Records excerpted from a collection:
= Beginning of Section =
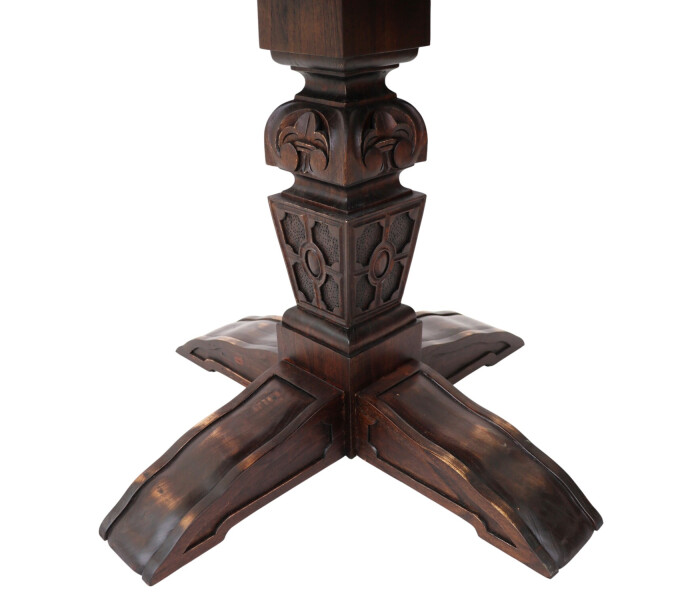 Fleur De Lys 17th Century Style Pedestal Table 3 Photoroom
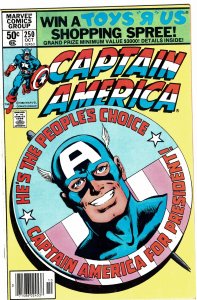 Captain America #250  John Byrne Newsstand  VF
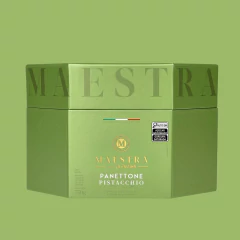 Panettone de Pistache c/ Gotas de Chocolate LA PASTINA 750g - Fruttato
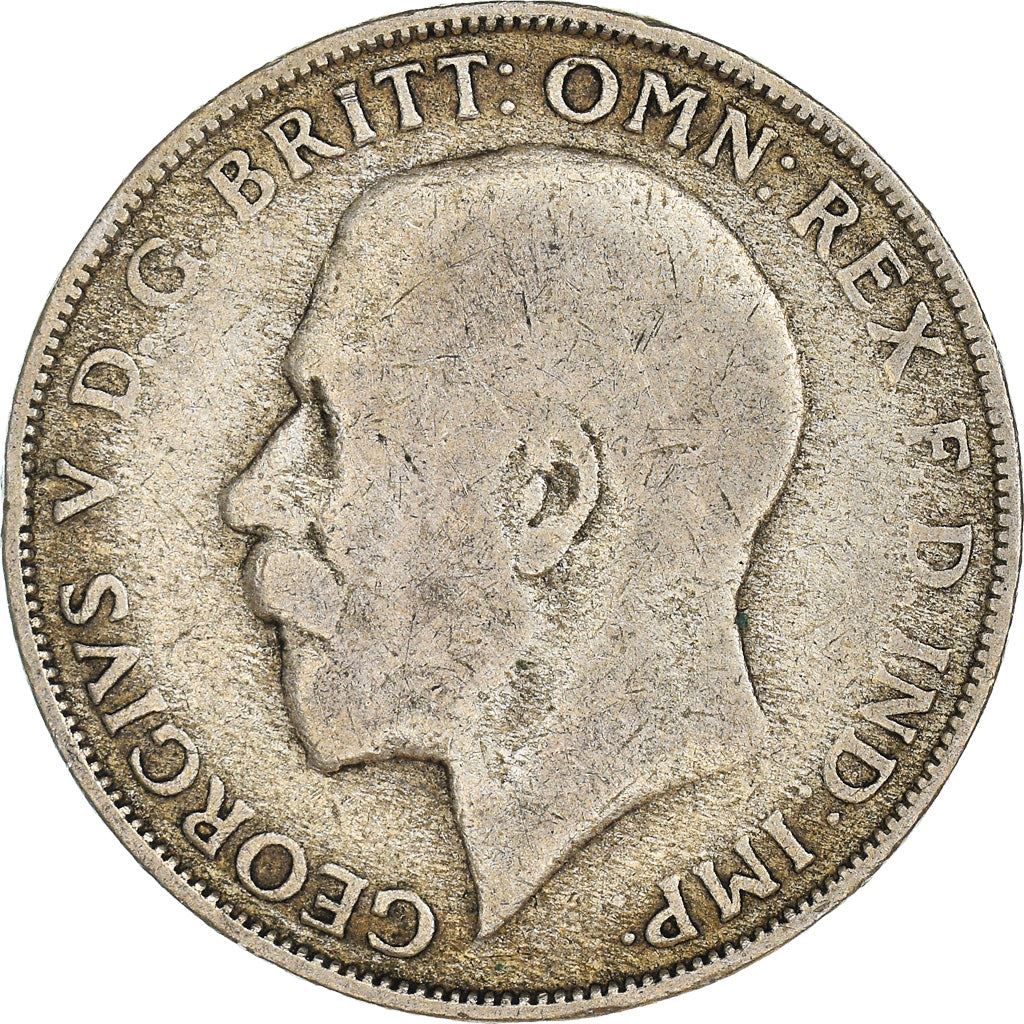 United Kingdom | 1 Florin Coin | George V | KM:817a | 1920 - 1926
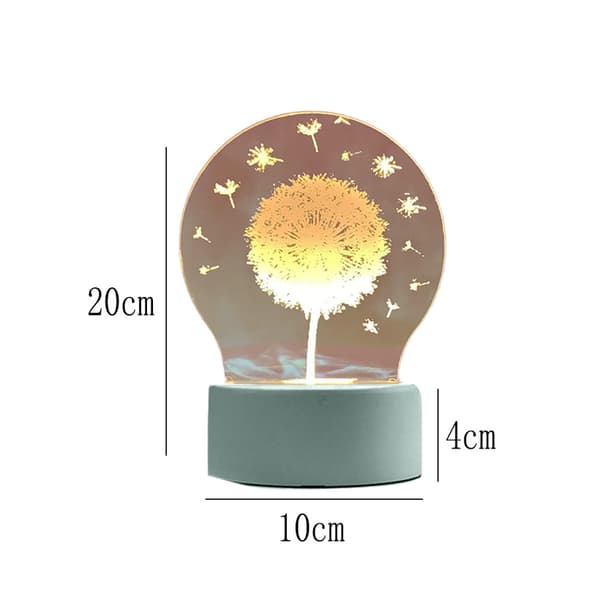 3D Lampe, LED Illusjonsnattlys, Julegave til barn, menn og kvinner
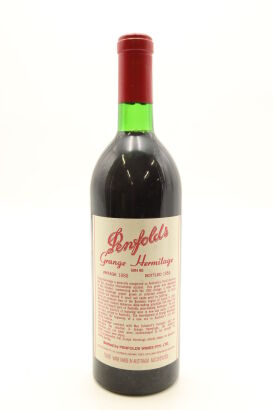 (1) 1982 Penfolds Grange Bin 95, Australia [JR18] [JO93]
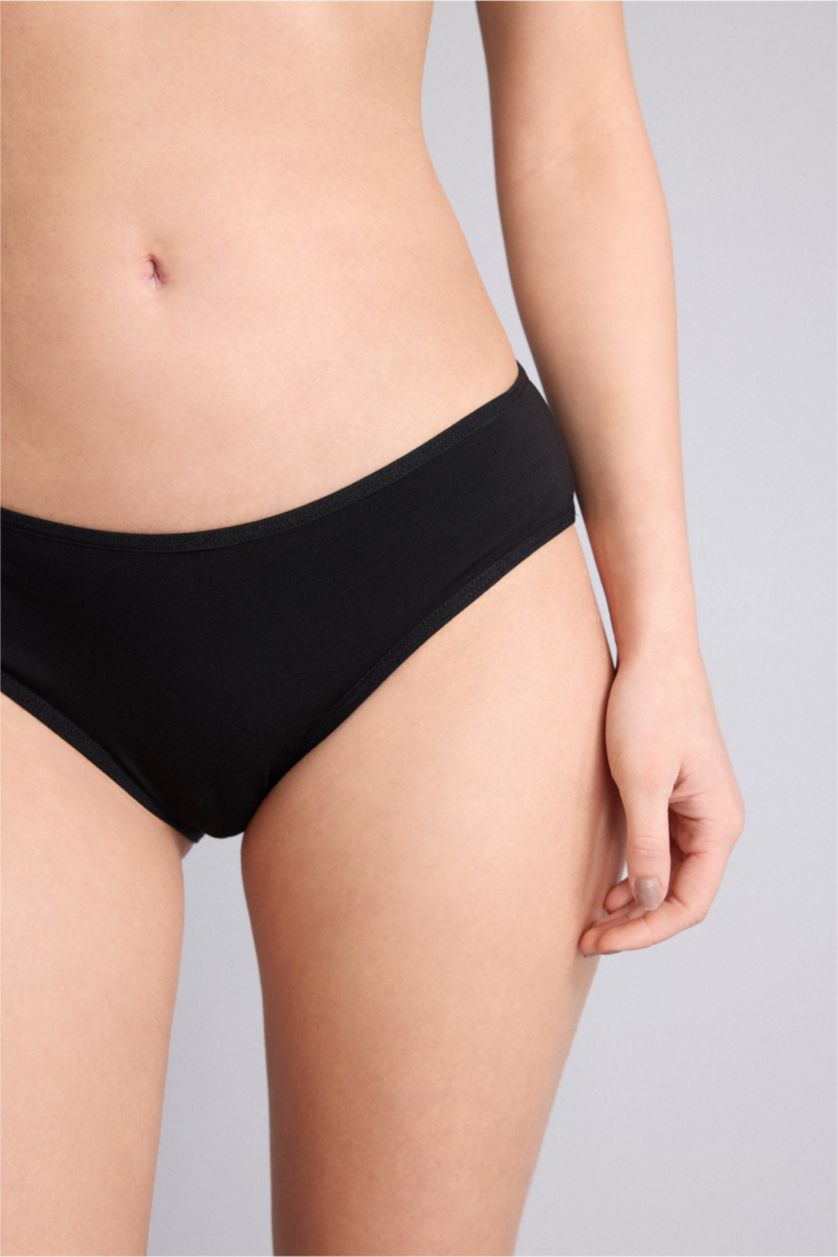 Kadın Siyah Basic Düz 3'lü Külot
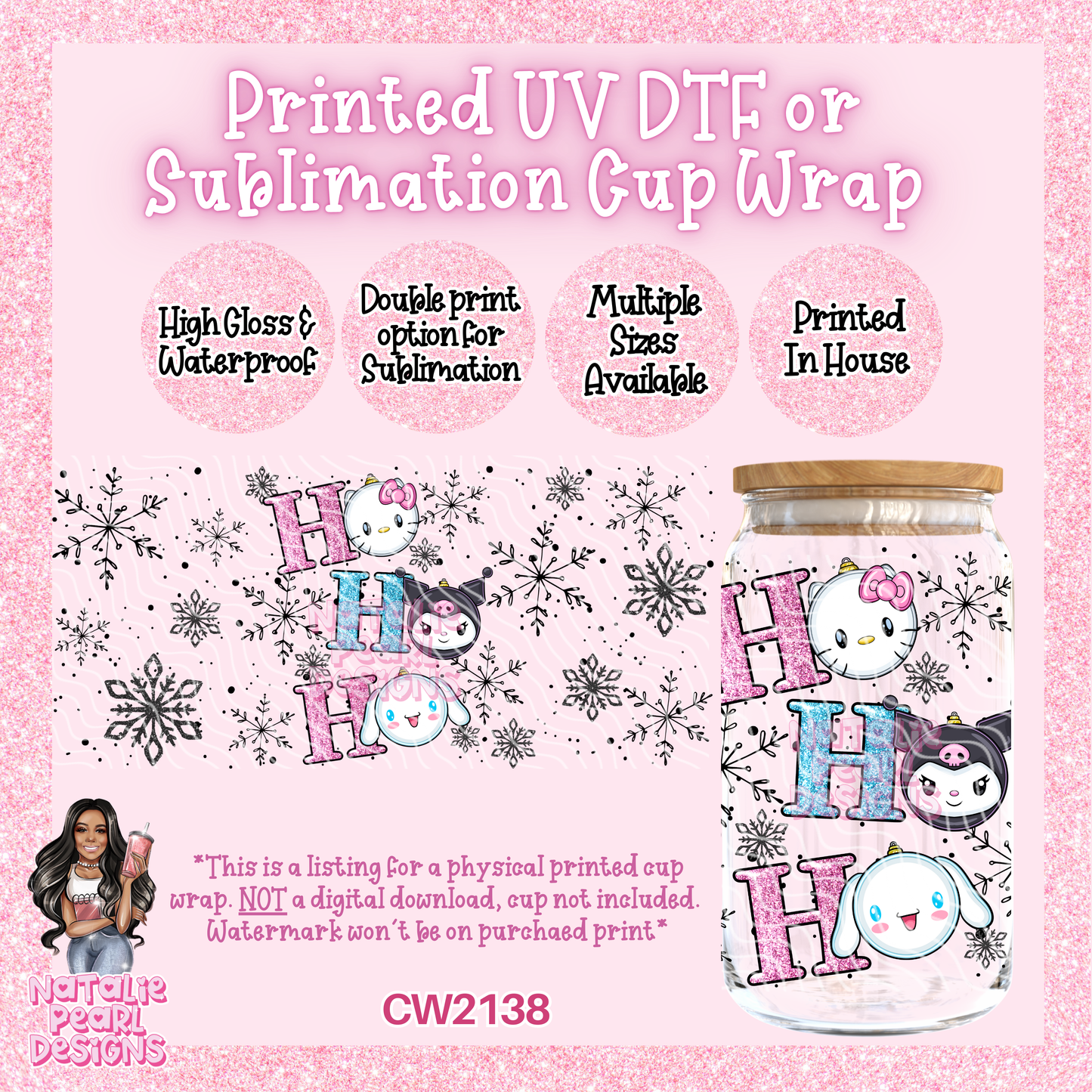 CW2138 UV DTF/SUB Cup Wraps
= End of Section =
What is needed ▸ Reproduce all entries above exactly, minus the images.

The answer ▸
 Fleur De Lys 17th Century Style Pedestal Table 3 Photoroom
 Captain America #250  John Byrne Newsstand  VF
 Panettone de Pistache c/ Gotas de Chocolate LA PASTINA 750g - Fruttato
 United Kingdom | 1 Florin Coin | George V | KM:817a | 1920 - 1926
 3D Lampe, LED Illusjonsnattlys, Julegave til barn, menn og kvinner
 (1) 1982 Penfolds Grange Bin 95, Australia [JR18] [JO93]
 Kadın Siyah Basic Düz 3'lü Külot
 CW2138 UV DTF/SUB Cup Wraps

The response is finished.